Más aún, la Constitución de 1978 incorporó el principio de las diversas «nacionalidades y regiones» en «una patria común e indivisible» (Art. 2), que es la de todos los españoles. Sin duda que los redactores de la Constitución no pensaban que esto acabaría con las tensiones nacionalistas propias de nuestro país desde los últimos años del siglo XIX. Lo que sí quisieron, en cambio, fue dar a los partidos políticos una oportunidad: la de superar cualquier sueño de construir una nueva nación, porque a partir de ahí la española -la de todos- resulta garante de la diversidad que la constituye. Es así como la Constitución garantiza al mismo tiempo la perduración de las diversas formas de ser español y su coexistencia sin exclusiones. En otras palabras, se puede seguir siendo catalán en Jaén y se puede hablar castellano en Girona sin que eso signifique que se sea menos español o menos catalán.
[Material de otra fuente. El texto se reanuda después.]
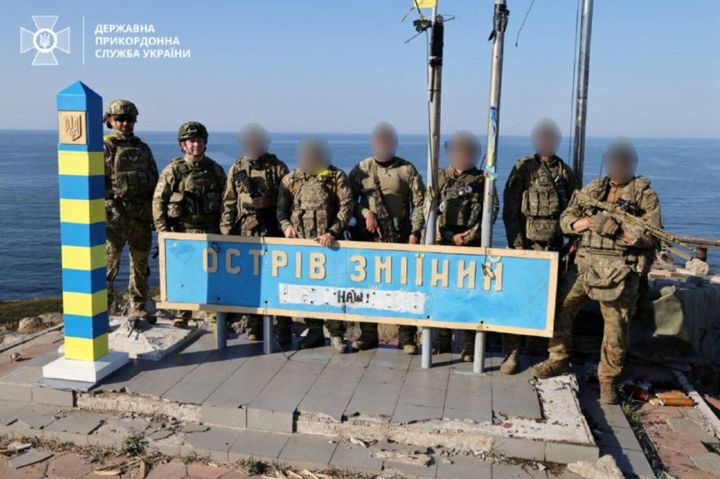 Ουκρανοί συνοριοφύλακες στέκονται δίπλα σε μια νέα πινακίδα συνόρων στο νησί Snake (Zmiinyi) στη Μαύρη Θάλασσα, στην περιοχή της Οδησσού, στην Ουκρανία, σε αυτήν την εικόνα που κυκλοφόρησε στις 13 Αυγούστου 2023.State Border Service of Ukraine via REUTERS THIS IMAGE HAS BEEN SUPPLIED BY A THIRD PARTY. NO RESALES. NO ARCHIVES. MANDATORY CREDIT. IMAGE BLURRED AT SOURCE. DO NOT OBSCURE LOGO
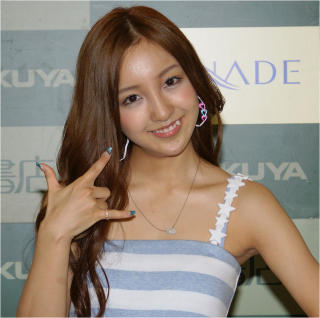 5911 - 320 x 318 [18KB]
��F���i�Ƃ�����j ���L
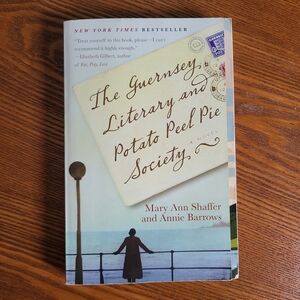 The Guernsey Literary and Potato Peel Pie Society book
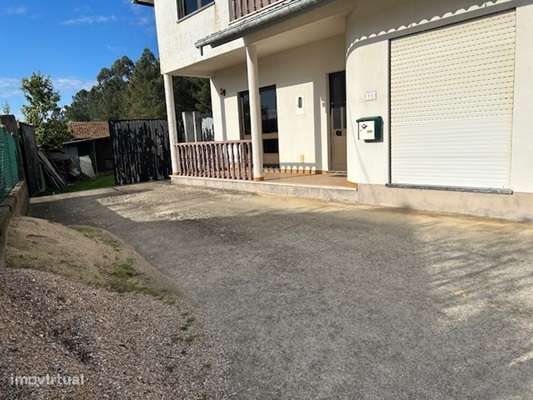 Moradia sita em Rio de Couro e Casal dos Bernardos-11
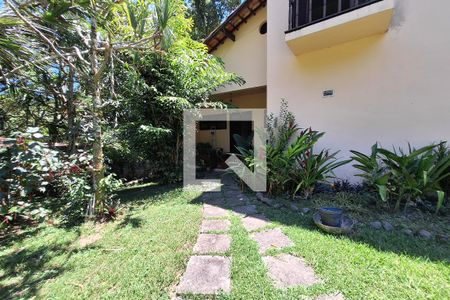 Casa à venda com 7000m², 4 quartos e 2 vagasQuintal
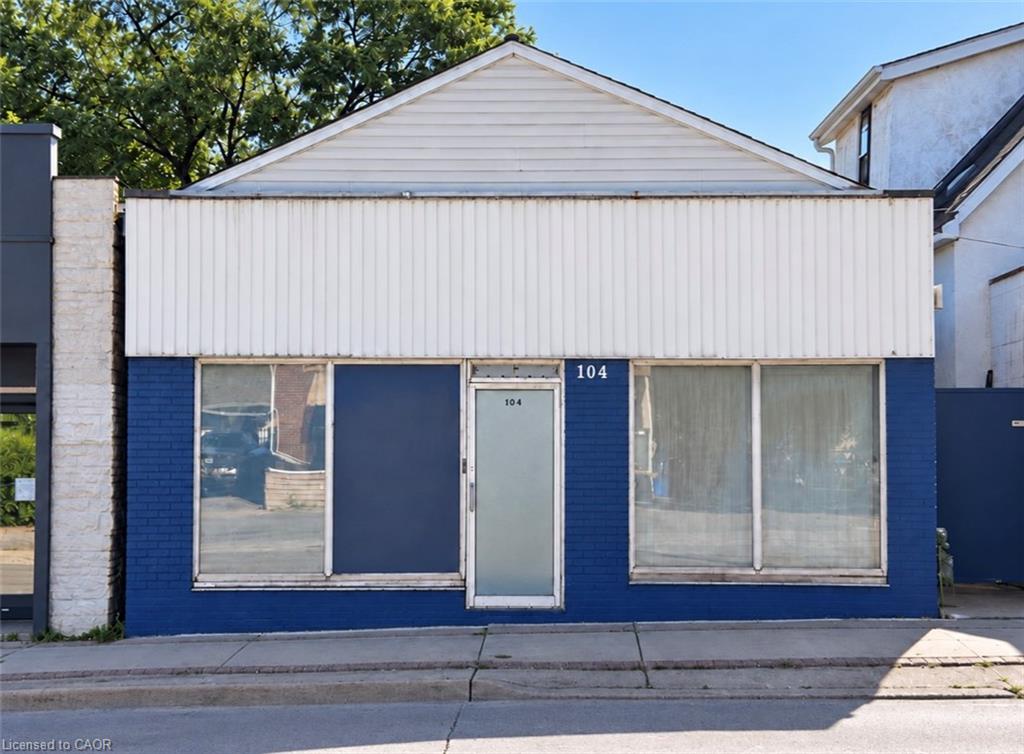 104 Parkdale Avenue N Property Photo 2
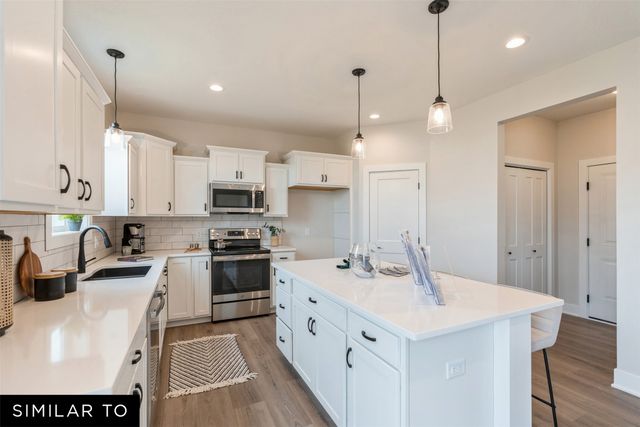 414 NE 59th Street, Ankeny, IA 50021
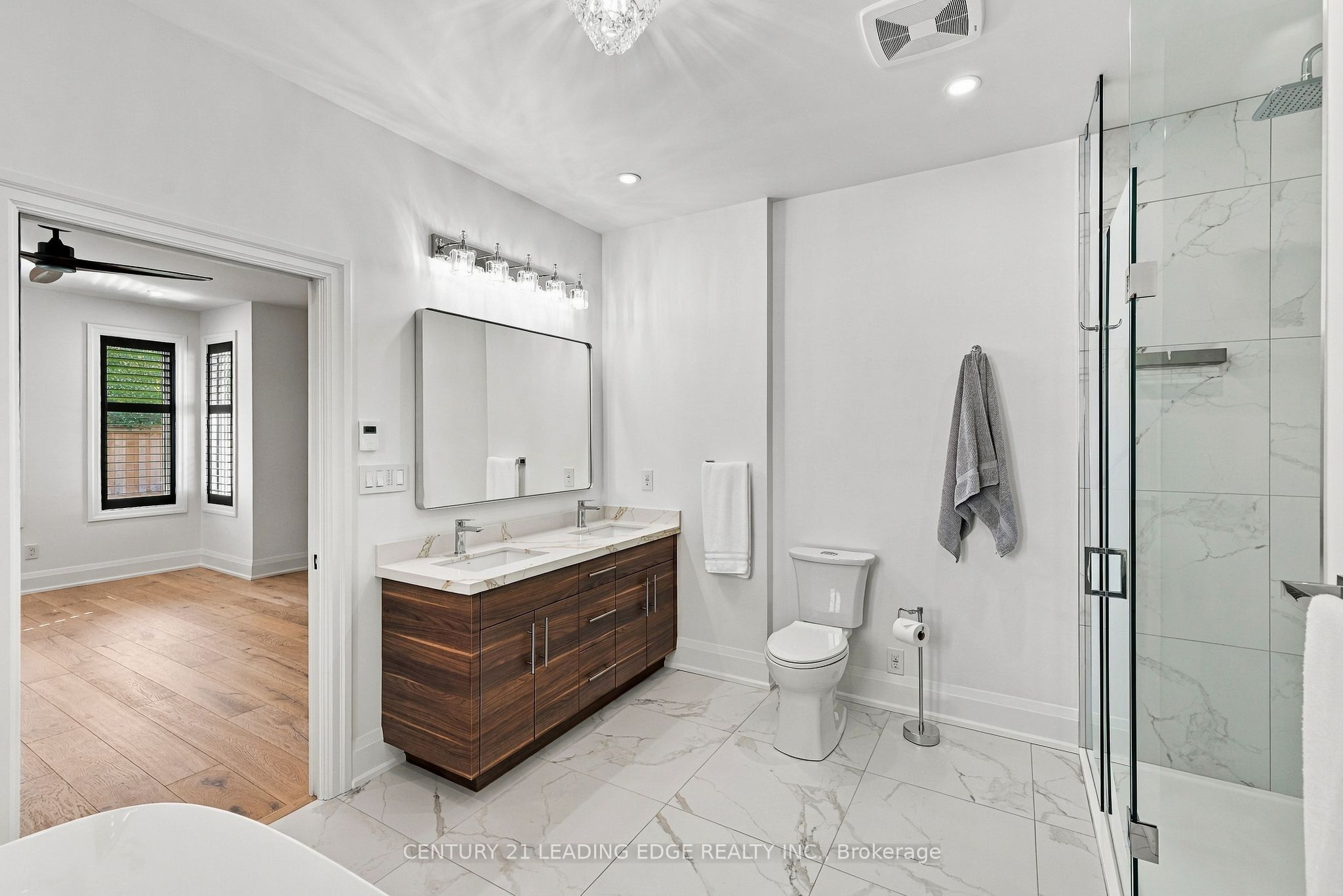 195 Whitby Shores Greenway Property Photo 27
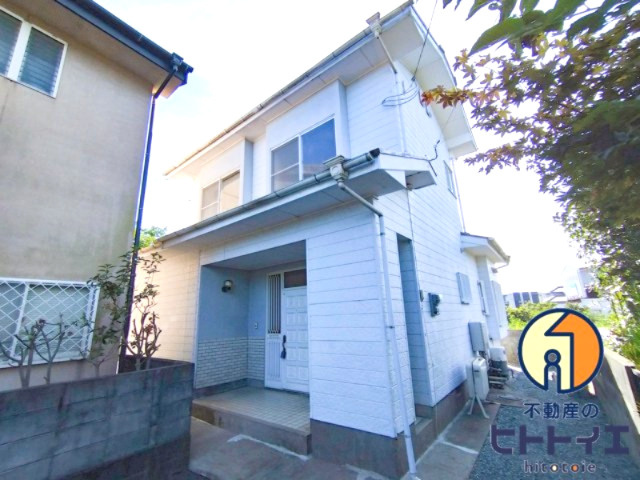 鵜池貸家のエントランス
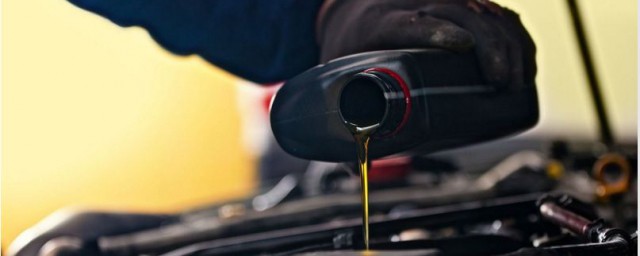 制动液多久换一次合适(制动液液多久换一次)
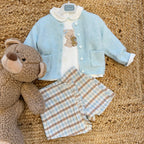 completo bimba azzurro con cardigan e shorts a quadri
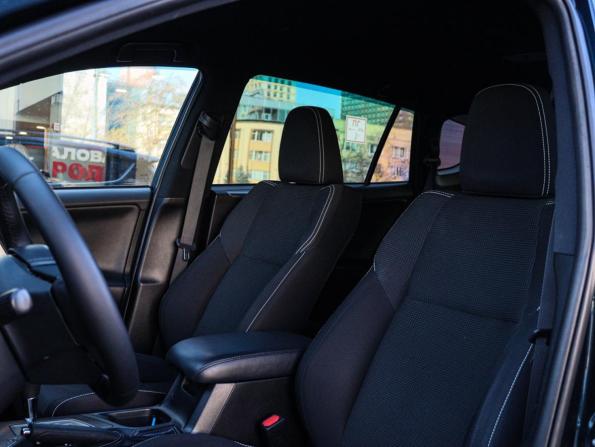 Toyota RAV4 IV (XA40) Рестайлинг с пробегом 2019 года, цена 2 670 000 рублей, 65557 км, внедорожник, Автокод Объявления
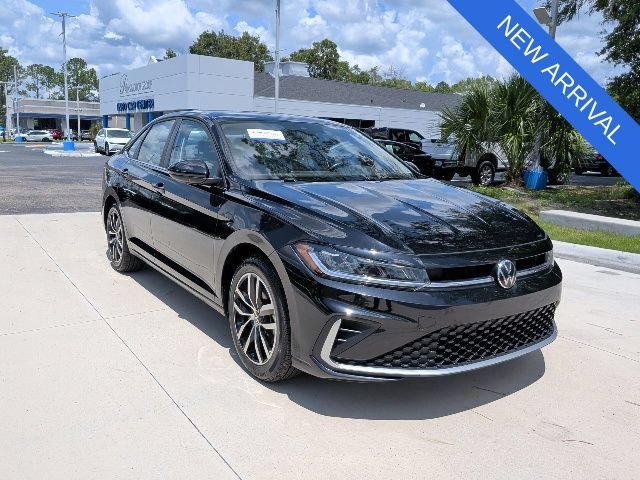 Used 2025 Volkswagen Jetta SE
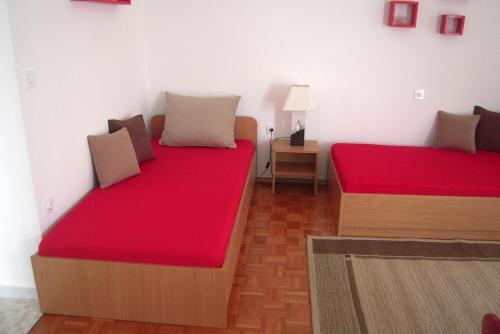 Apartments With A Parking Space Novi Vinodolski - 5529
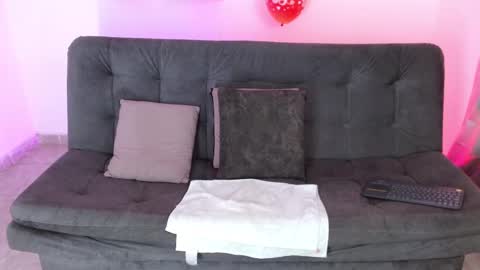 Snapshot of lucie_petite chatting on 17, 2, 2025 Lucie - online show from 17, 2, 2025
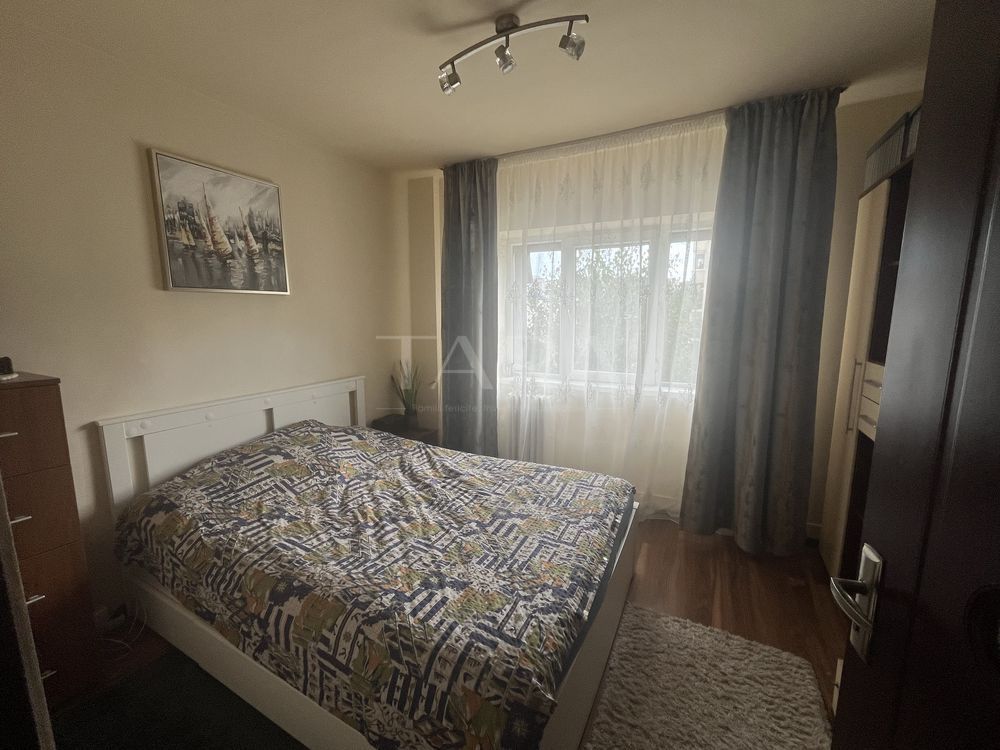 Apartament spațios, complet mobilat, în zonă liniștită - Poză 5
Por desgracia, el equilibrio establecido por la Constitución de 1978 no se ha respetado del todo. El proceso debía ser de restauración de una identidad compleja y de descentralización política. Lo ha sido en buena medida, pero también ha habido intentos de creación de nuevas naciones (con el nacionalismo), y un proyecto sumamente confuso (propio de la izquierda) en el que la lealtad a la nación es algo instrumental, en vez de ser, como ocurre en todos los partidos socialdemócratas europeos, un principio básico e indiscutible. Así que se oyen muchas propuestas para reformar la Constitución, aunque todos saben que ningún texto constitucional será nunca capaz de satisfacer estas aspiraciones: ni la de los nacionalistas, ni la de un socialismo que no acaba nunca de definir cuál es el proyecto nacional que quiere para España.

A diferencia de la nación siempre por construir de los nacionalistas, y de casi todos los socialistas, la nación española tiene muchos siglos de existencia. La Constitución fija su forma política, que nos sigue abriendo a todos la oportunidad de convivir en paz y en libertad.